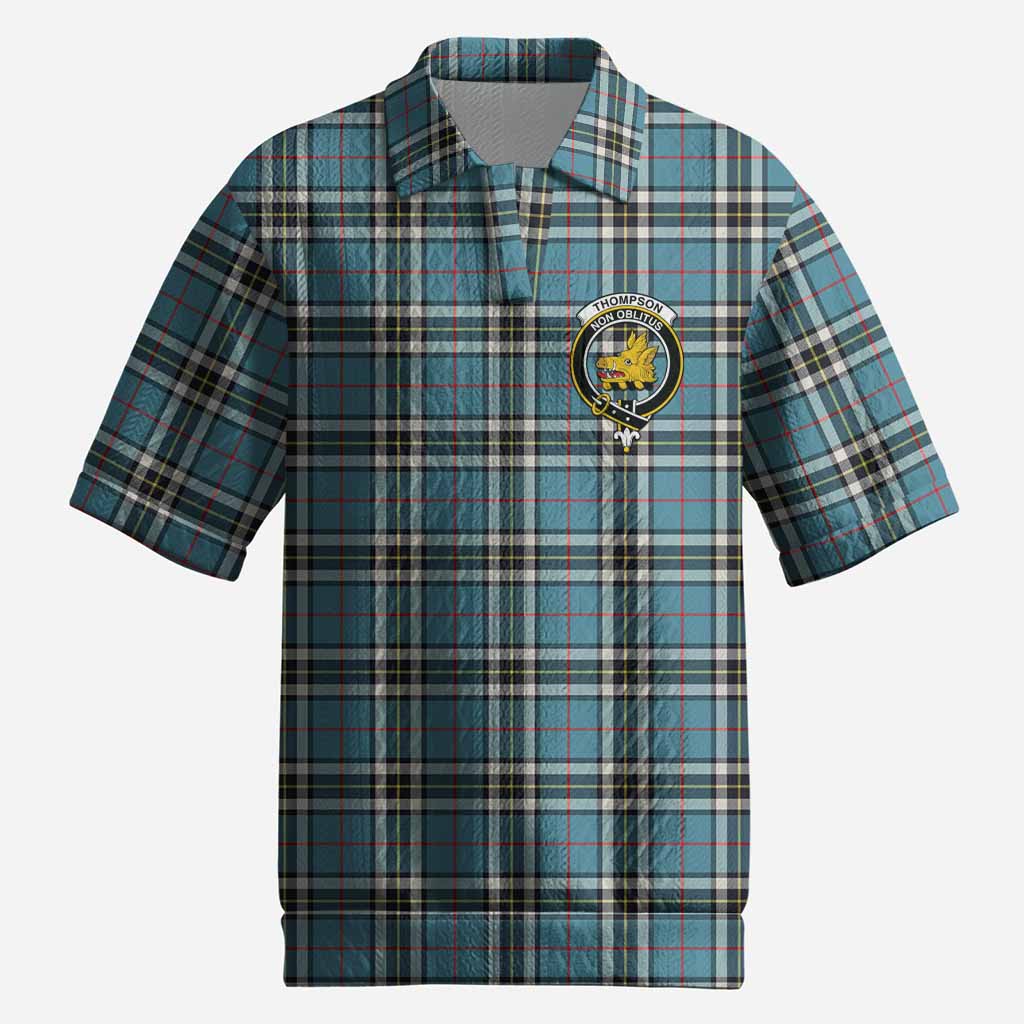 Thompson (Thomson) Tartan Men’s Polo Sweater Top with Family Crest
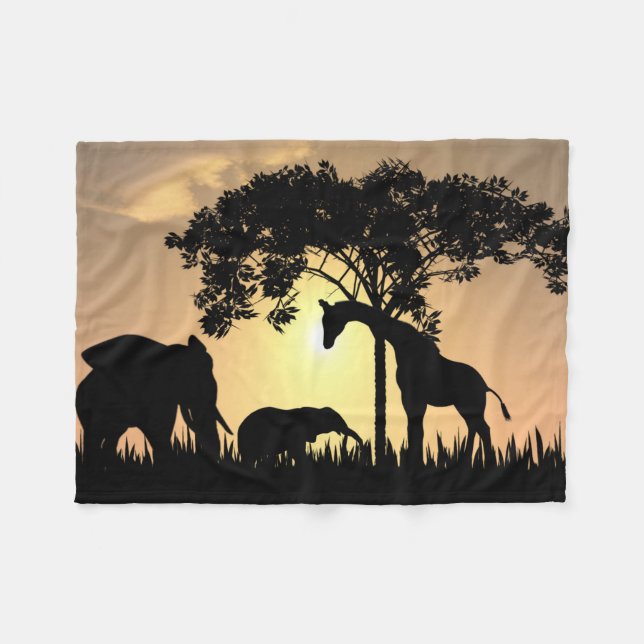 African Safari Silhouette Fleece Blanket (Front (Horizontal))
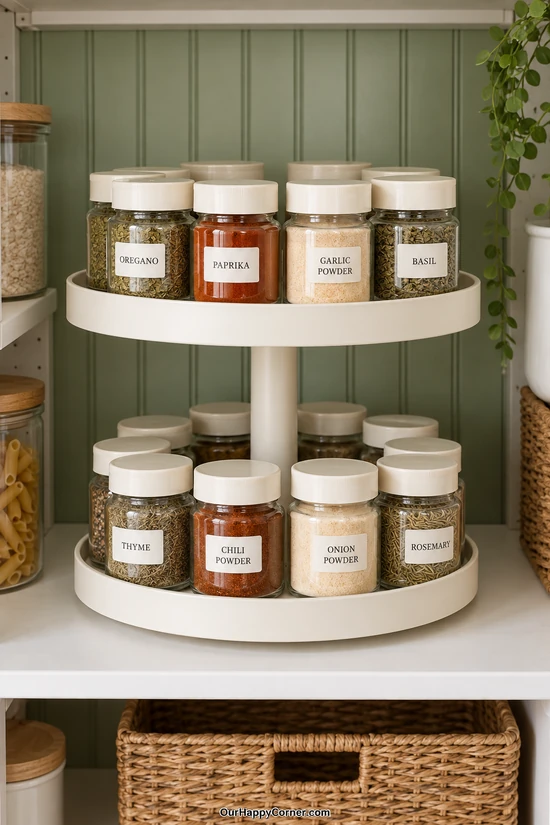 Cream two-tier rotating spice rack holding short glass jars
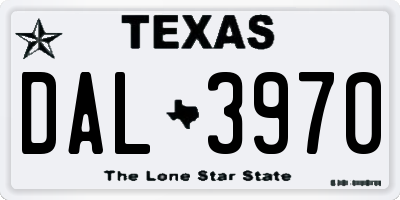 TX license plate DAL3970
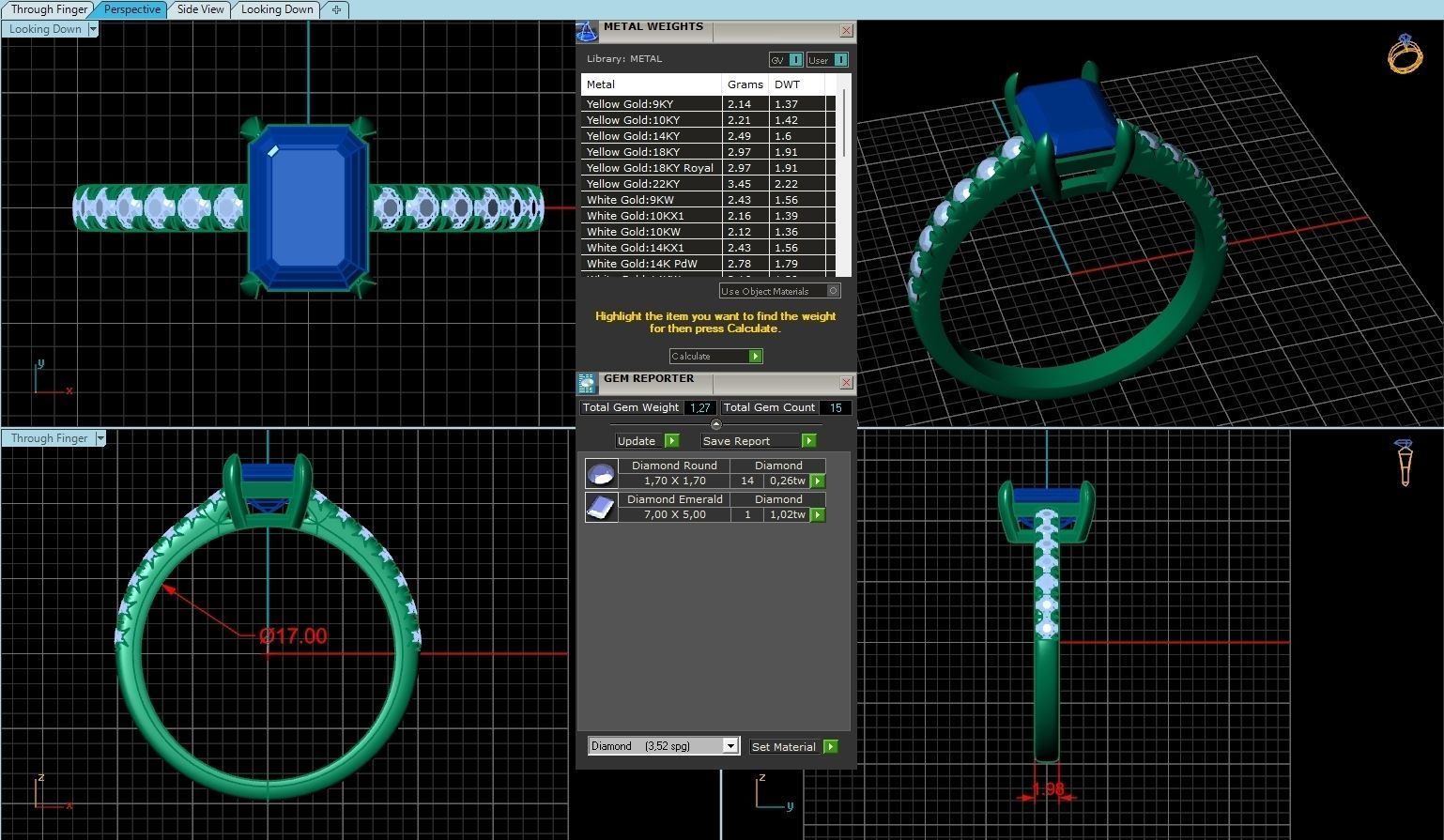 Fish Tail Ring Style Emerald 7x5 3D print model_4
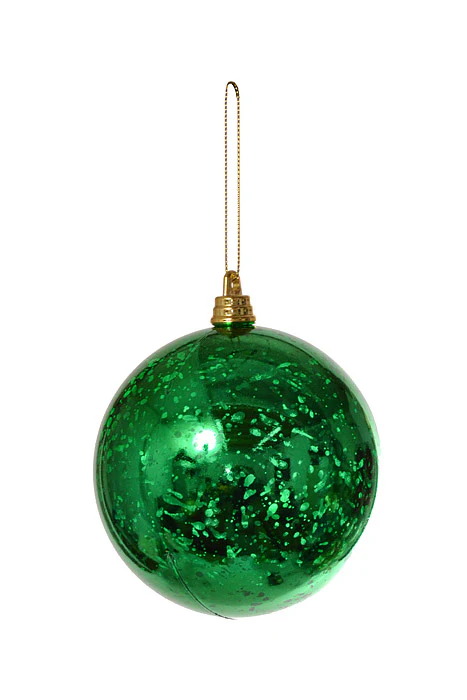 100Mm Shiny Ball Mercury Ornament Green Pkg/4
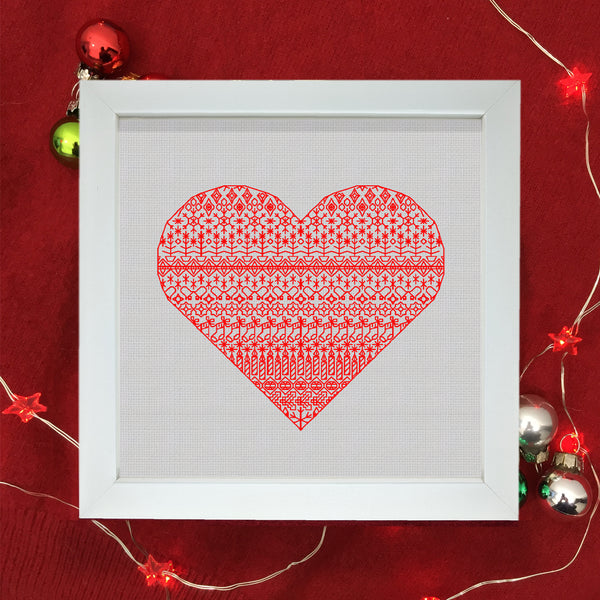 Christmas blackwork blackwork heart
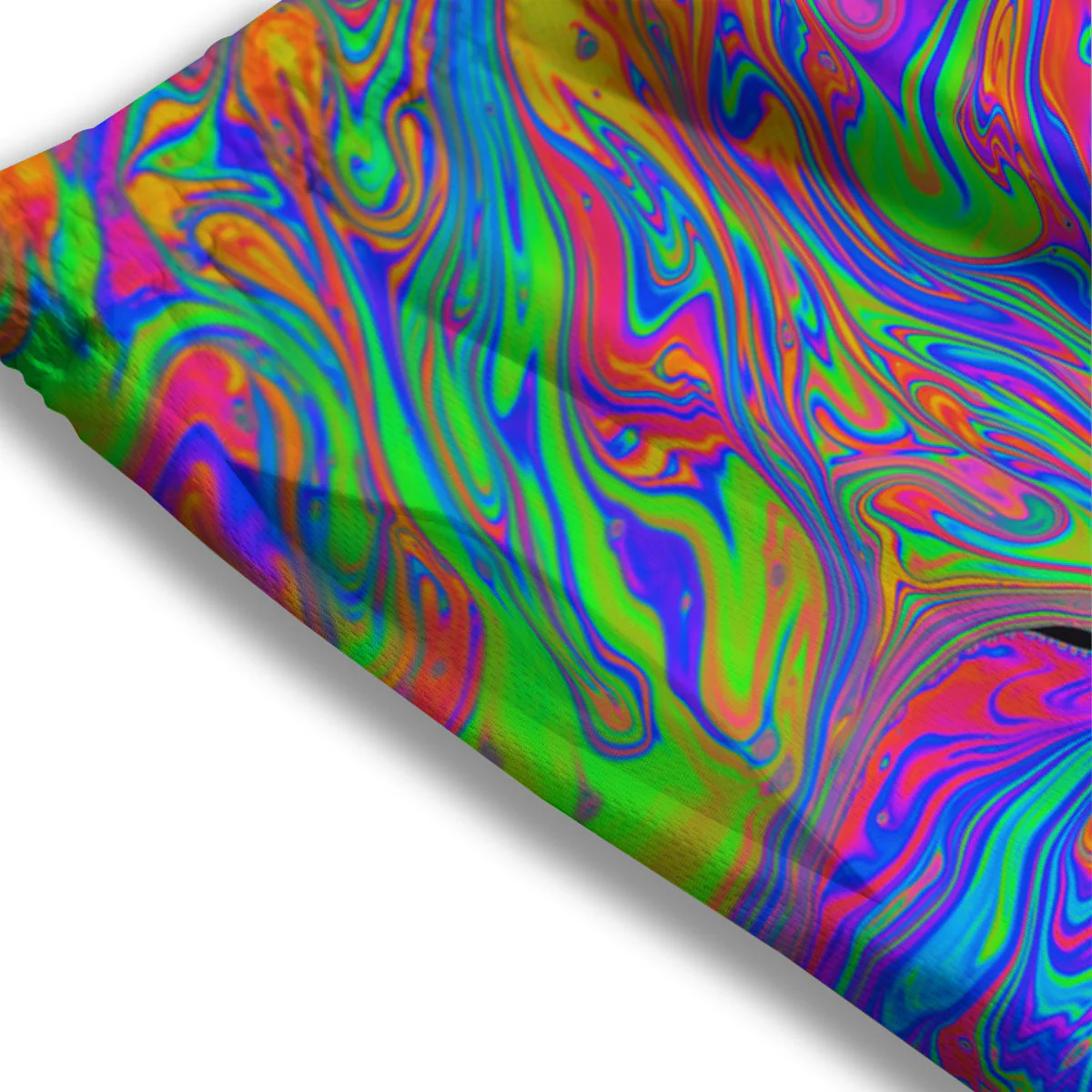 Pink Psychedelic Trippy Neon Green Print Mesh Shorts - Image 3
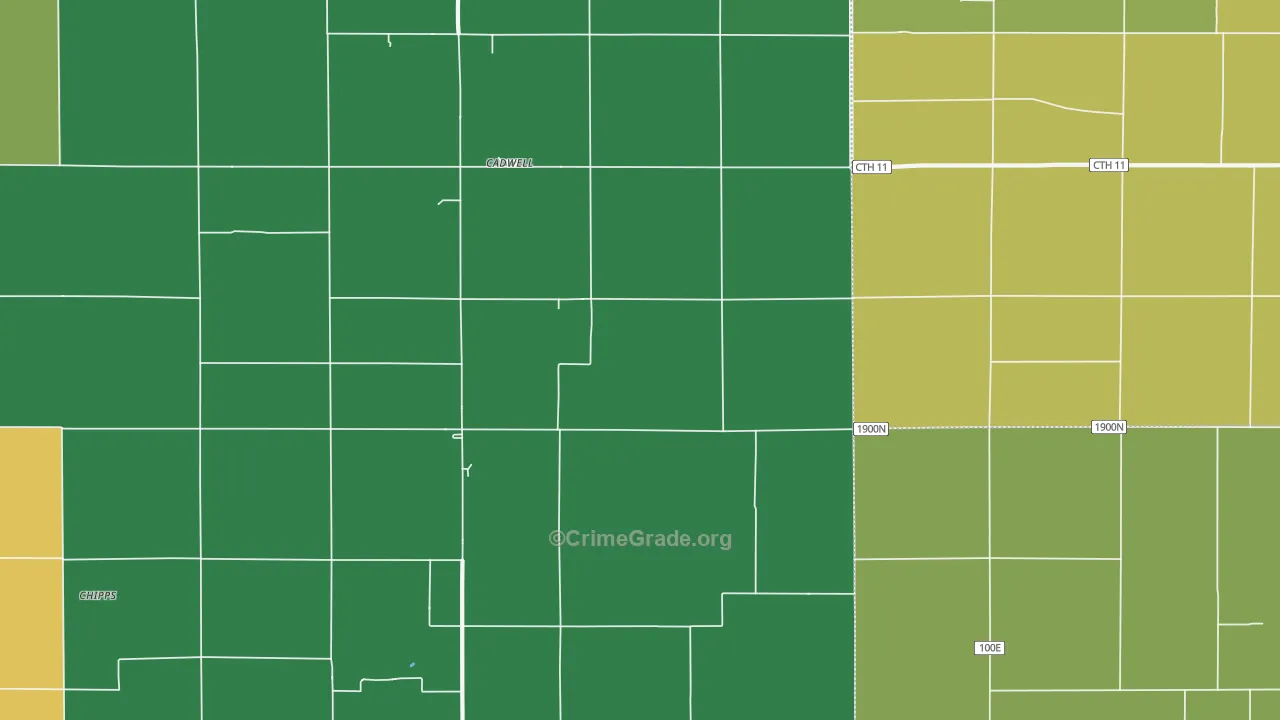 Cadwell, IL Map of Vandalism Rates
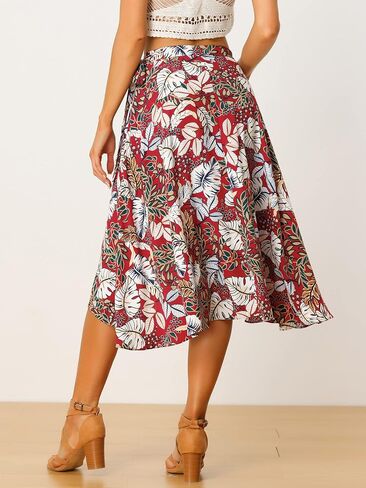 Allegra K Floral Skirt for Women's Hawaiian Tropical Beach Boho Wrap Midi Skirt in Saudi Arabia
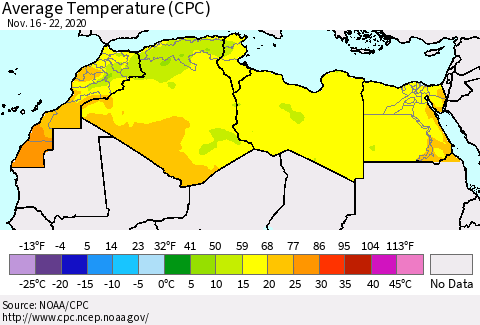 North Africa Average Temperature (CPC) Thematic Map For 11/16/2020 - 11/22/2020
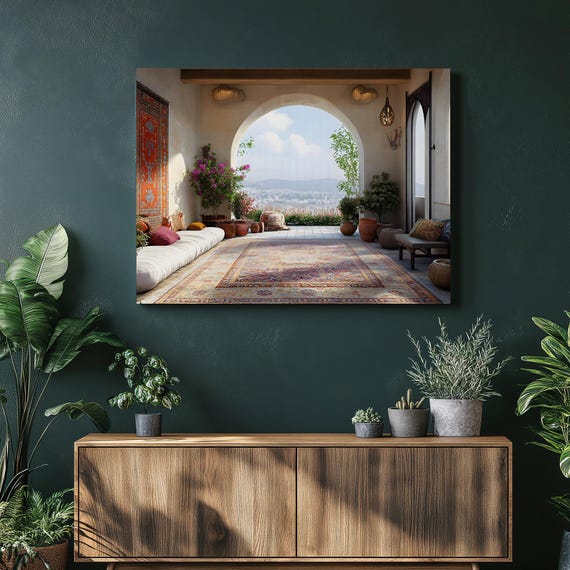 Rooftop Terrace Canvas Wall Art Arched Patio With Oriental Rug Terracotta Pottery Bougainvillea And City Skyline View For Bohemian Decor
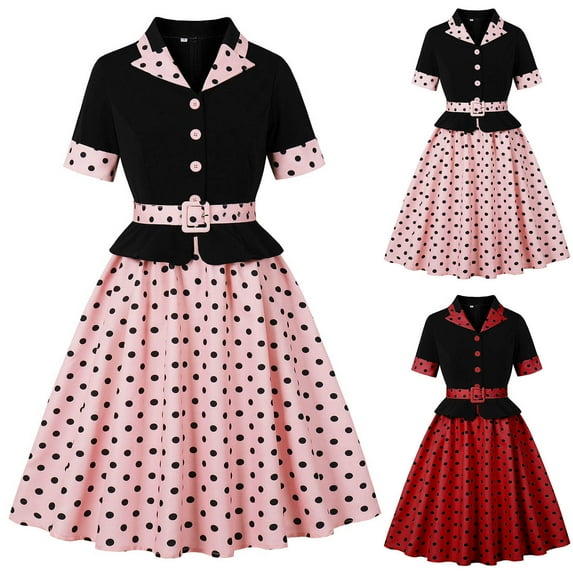ZQUUVOU Women's Vintage Tea Dress Short Sleeve Cocktail Party Dress Notch Lapel Button Church Casual Dinner Dress Pink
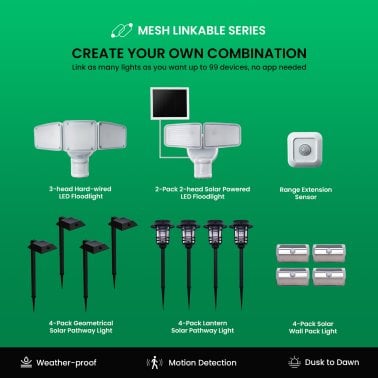 Home Zone Security® Mesh-Linkable Solar LED Contemporary-Style Security Pathway Light, 300 Lumens, 4 Pack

Work instruction =
Only the lines from the start of the material to the line with "TX license plate DAL3970", inclusive, belong in the answer, printed exactly and free of pictures.

Written response =
 Thompson (Thomson) Tartan Men’s Polo Sweater Top with Family Crest
 African Safari Silhouette Fleece Blanket (Front (Horizontal))
 Cream two-tier rotating spice rack holding short glass jars
 TX license plate DAL3970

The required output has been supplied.